> [SUPPLIED INFORMATION]:
====================
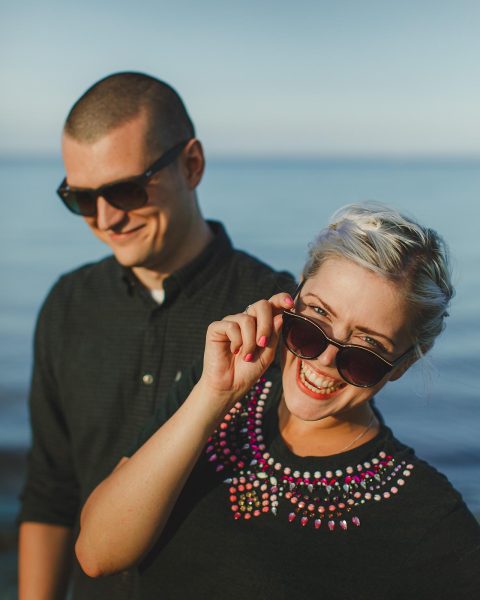 Couple laughing by the sea during a pre-wedding shoot at Studland Bay in Dorset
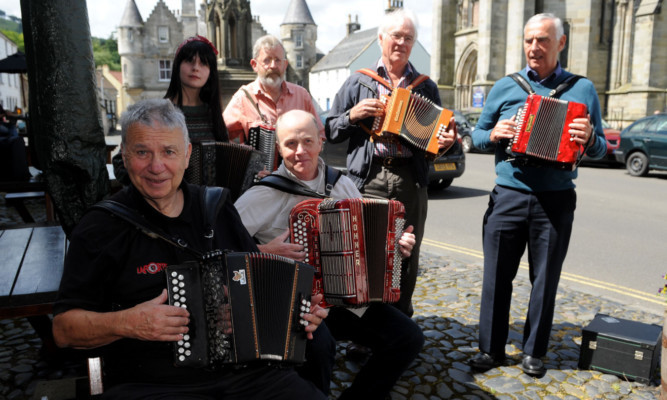 At Fergie MacDonalds button key accordion workshop are, front: Fergie and Alex Houston; back, from left: Catherine Steight, David Corner, Pete Shepheard and Gus Campbell.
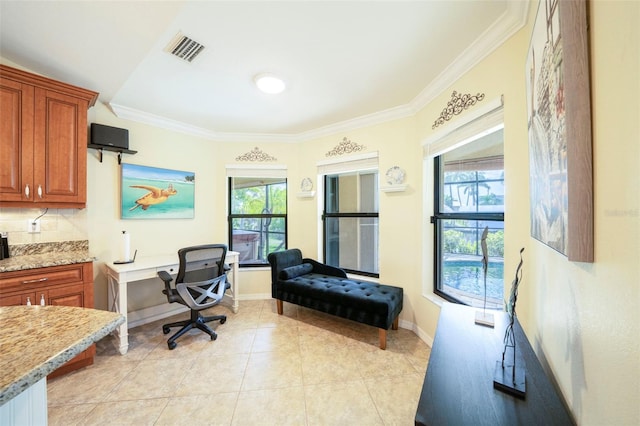 home office featuring light tile patterned floors and crown molding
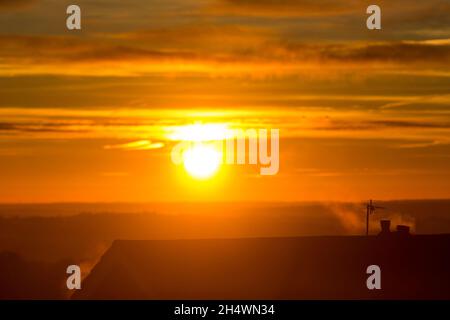 Der Dampf aus zentralen Heizgaskesseln wird durch den Herbstaufgang in Northowram, Calderdale, West Yorkshire, Großbritannien, wieder erleuchtet. Der wässrige gelbe Schein des Morgens reflektiert sich auf der Unterseite der Wolken. Stockfoto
====================
> [PROMPT]: Please output the material above again, exactly, and omit every image.

> [YOUR SOLUTION]:
 Couple laughing by the sea during a pre-wedding shoot at Studland Bay in Dorset
 At Fergie MacDonalds button key accordion workshop are, front: Fergie and Alex Houston; back, from left: Catherine Steight, David Corner, Pete Shepheard and Gus Campbell.
 home office featuring light tile patterned floors and crown molding
 Der Dampf aus zentralen Heizgaskesseln wird durch den Herbstaufgang in Northowram, Calderdale, West Yorkshire, Großbritannien, wieder erleuchtet. Der wässrige gelbe Schein des Morgens reflektiert sich auf der Unterseite der Wolken. Stockfoto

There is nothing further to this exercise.